I follow "BizTalk Technical Discussion" distribution list and I found mails bouncing around two very interesting topics - how to manage vocabularies in BizTalk rule engine for multi-policy development and how to create automated build scripts for BizTalk. I thought to talk about these two in my coming entries. This one goes to vocabularies in BizTalk.

Question was - In a team development environment, when multiple developers are building rule policies in their individual development machines, how should the development of vocabularies be managed?

At first glance, there are two approaches -


1. Same Vocabularies for All Policies -

You develop single set of vocabularies and let all policies use it in their rules. This approach is simple and straight. You develop some small number of master vocabularies which can be used across all policies. But, the problems would be the management of the versions of the vocabularies and the associated rule sets that use these vocabularies. If a vocabulary is changed or is updated, the rule sets will somehow have to be updated, either by creating a new version of the policy and updating the vocabulary. ****

2. One Vocabulary per Policy -

In this approach, you create one vocabulary for each policy. When you change any vocabulary it does not affect any policy other than the one using it. The drawback would be that you would have multiple vocabularies and could quite possibly have the same vocabulary defined multiple times (repetition of work).

Both are practical and working solution with some pros & cons.
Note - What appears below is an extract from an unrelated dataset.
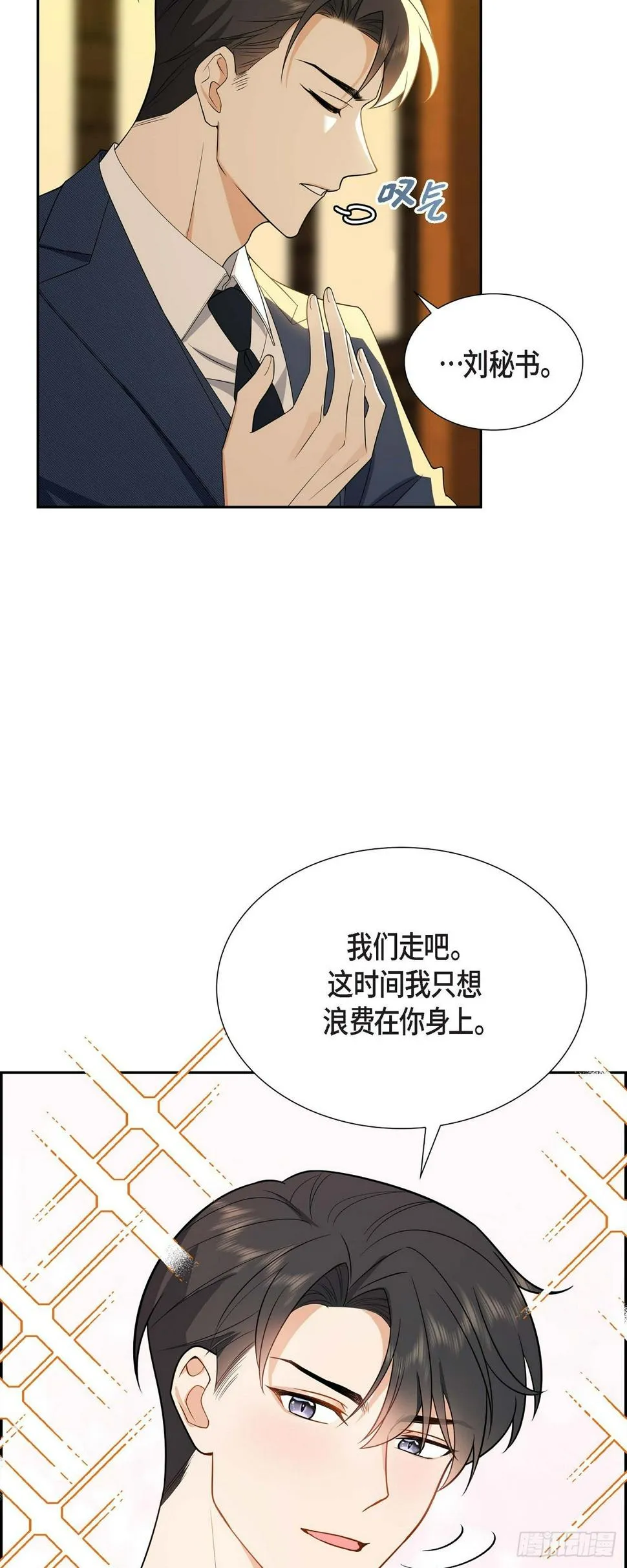 第5话 超级倒胃口 第9页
Question is which one to use and where?

In any development, purpose should be to use fine balanced decouple development so that changes/maintenance in one component does not affect other. Now, Policies use facts and vocabularies are defined over facts. Keeping this in mind, I prefer to develop vocabularies based on relationship between facts and policies. Here is how I propose my opinion about these approaches and reader please feel free to jump with your opinions.


Approach-1 (Same Vocabularies for All Policies)

- We should avoid to have same set of vocabularies because changes in vocabularies will affect all associated policies. However, if all policies use same set of facts then there is no harm in using single vocabulary set (aggregating all facts) because due to usage of the same fact set, all policies need to be modified/updated when vocabularies or associated facts change. However, keeping extensibility and maintainability in radar, this is not a preferred solution at all unless you have a simple rule sets or a real compelling situation. ****

Approach-2

(One Vocabulary per Policy) - This approach is the preferred. When, we create vocabularies, we can make it fact driven. We can use following guidelines -

  • If some facts are used by multiple polices, Then create a single common vocabulary (aggregating all common facts) over them. If common vocabulary/facts changes, it will definitely affect all policies.
  • For policy specific facts, create policy specific vocabulary (aggregating all policy specific facts together). Now if any policy specific vocabulary/facts changes, it will affect only associated policy not others.
  • For long term facts, we can create a separate vocabulary.

We can have a fine balanced decoupled implementation of vocabularies to get efficient management of rules.